If this past year has taught us anything, it’s not to take anything at face value. To give and receive truly candid feedback, people must feel a sense of psychological safety, trust, and transparency. None can be taken for granted, and organizations have to commit and regularly work together to ensure all of this to lay the groundwork for feedback.

A True Culture of Feedback

What needs to change is how organizations are approaching feedback. It’s no longer enough to say we want to instill a culture of feedback and then merely adjust the frequency of reviews or change the performance rating system. The key to a feedback culture is first to build a culture of trust, created by ongoing transparency and follow-through by leadership. This foundation of trust needs to be in place so employees and managers will feel safe having honest conversations during which true feedback is exchanged, listened to, and acted upon. 
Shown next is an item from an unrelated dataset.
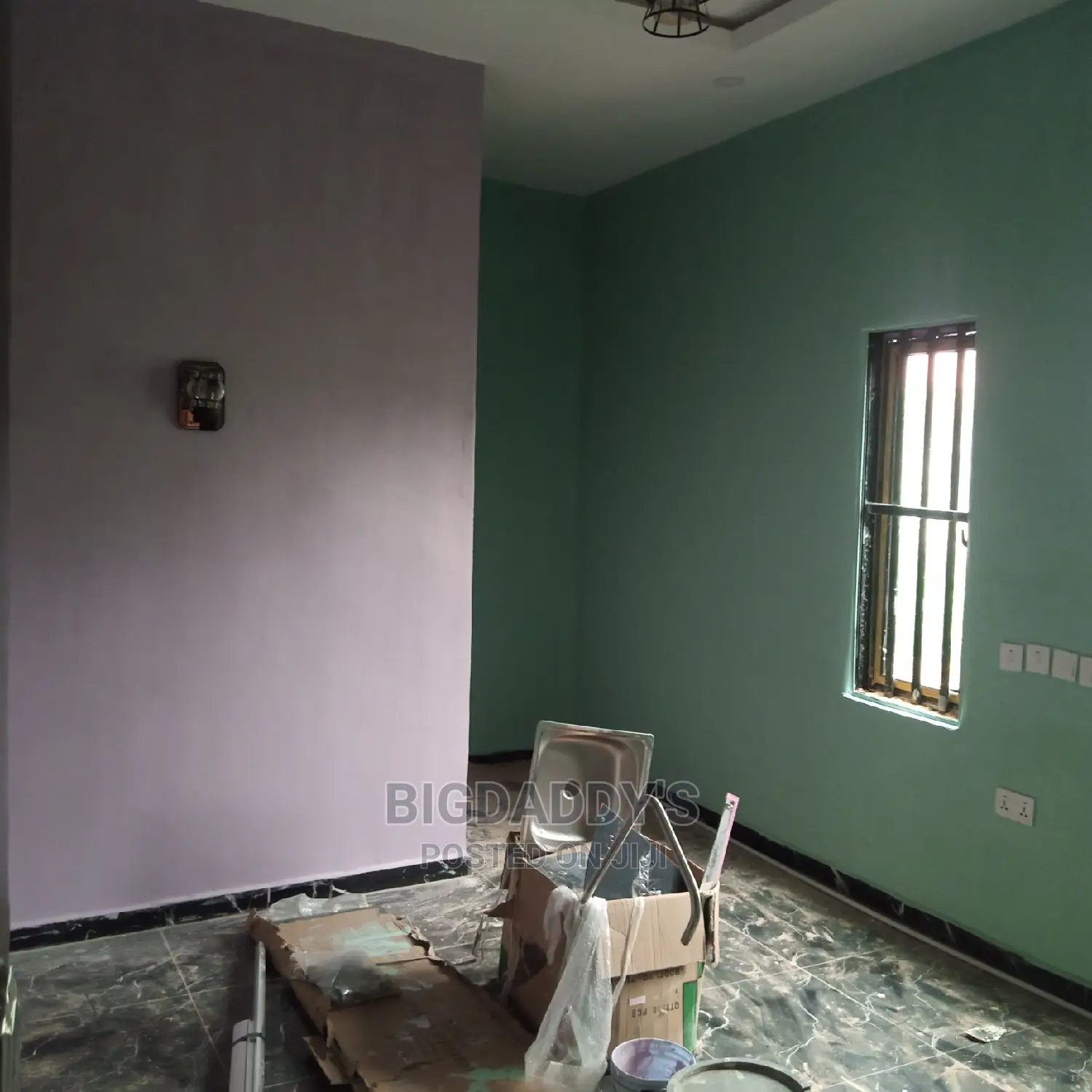 Professional Painter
But this is easier said than done, which is why so many companies pay lip service to the endeavor and fail to change behaviors. 
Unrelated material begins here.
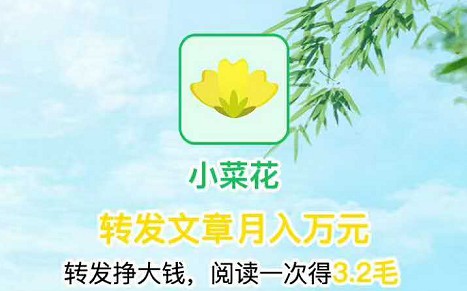 小菜花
One way to begin is for HR to actually coach employees on how to ask for, receive, and take action based on feedback. At the same time, coach your managers on how to deliver feedback so that people view it as constructive, rather than making the employee feel defensive and/or angry. For instance, consider setting up separate Zoom calls — one for employees and one for managers — that allow participants to ask questions and voice concerns.
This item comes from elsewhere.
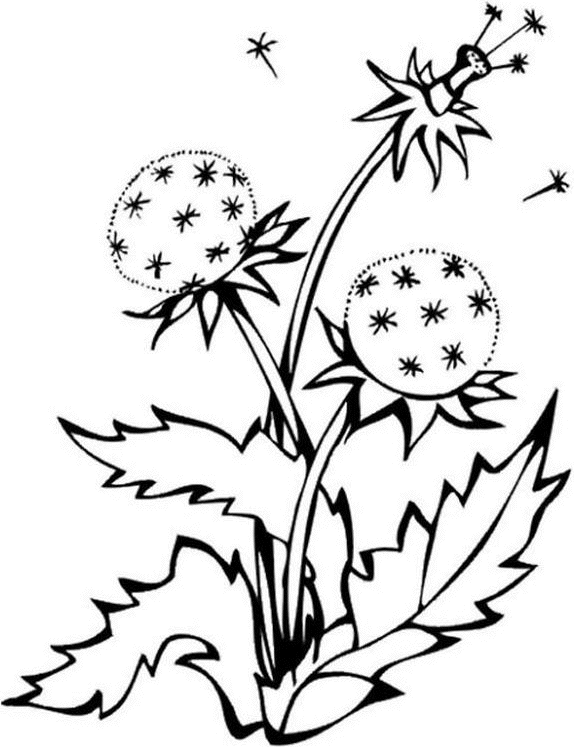 dandelion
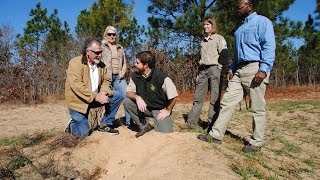 Partnerships Key to Establishing Longleaf Pine to Support Wildlife in Georgia [upl. by Averill]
Once an organization has established a transparent environment with proven follow-through on commitments, it can then work towards a culture of feedback. It is important to note that it is not enough for leaders to assess whether they have created this environment. They must also ask employees to evaluate if this culture of trust has actually been created. 

This is where surveying people comes in. In today’s workplace, which may include a remote and in-person workforce, regular employee surveys are the best tool HR has to gauge worker sentiment. In particular, it’s good practice to include comment boxes for each question to allow workers to give context, suggestions, and meaningful feedback. This not only benefits HR teams enormously but also helps make employees feel heard, valued, and included. Comments are where you’ll find qualitative insights that can help move your culture forward. 

Meanwhile, leadership plays a pivotal role by exemplifying the behaviors and promoting a feedback-rich culture. Teams take cues from leadership to what’s acceptable, and if they aren’t seeing their leaders give and receive feedback, they too won’t be compelled to try. Patience is important here. Employees and managers won’t get feedback right every time, but we owe it to ourselves to continue together on this critical journey. We’ll make mistakes, but those mistakes are essential learning opportunities. 

Building and strengthening the muscle of trust, transparency, and feedback is an essential focus for organizations. Let’s all commit to making a culture of feedback one of our top three ways to measure the health of our performance programs. If our people are our most important asset — and they are — then we owe them this.